AS Sanksi Eropa Akibat Subsidi Airbus, Potensi Perang Dagang?

AS sudah menilik berbagai macam produk yang berpotensi menjadi sasaran tarif ke Eropa, seperti pesawat, bagian pesawat, anggur, keju, dan barang-barang mewah.

oleh Tommy K. Rony diperbarui 02 Okt 2019, 10:00 WIB
Donald Trump telah mengancam penutupan sangat lama terhadap pemerintah AS apabila pendanaan untuk pembangunan tembok perbatasan tidak direstui. (AP File)

Liputan6.com, Jenewa - Potensi perang dagang baru sedang mendidih di benua biru. Uni Eropa akan kena sanksi berupa tarif dari Amerika Serikat (AS) akibat kasus subsidi ilegal Airbus. Tarif itu kabarnya juga sudah disetujui WTO.

Dilaporkan Reuters, total sanksi tarif itu diperkirakan sebesar USD 7,6 miliar atau Rp 106 triliun (USD 1 = Rp 14.214). Targetnya adalah beragam produk Uni Eropa yang masuk ke AS, meski belum diungkap apa saja produk tersebut.

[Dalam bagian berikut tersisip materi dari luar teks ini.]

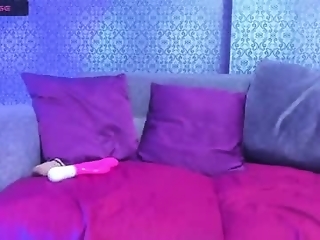 grandmother_milf is  year old webcam girl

Namun, AS sudah menilik berbagai macam produk yang berpotensi menjadi sasaran tarif, seperti pesawat, bagian pesawat, anggur, keju, dan barang-barang mewah. 

Lebih lanjut, Reuters menyebut para diplomat dan kalangan maskapai yang setuju pada tarif tersebut. Mereka khawatir langkah tarif justru bisa berujung pada pengurangan tenaga kerja. Pejabat Uni Eropa pun tak ingin aksi saling berbalas terjadi. 

 "Saya meminta Amerika Serikat untuk menegosiasi dengan kita ketimbang melakukan aksi saling berbalas perang dagang yang hanya merugikan ekonomi masing-masing," ujar Phil Hogan, calon komisioner perdagangan Uni Eropa, seperti dikutip AP.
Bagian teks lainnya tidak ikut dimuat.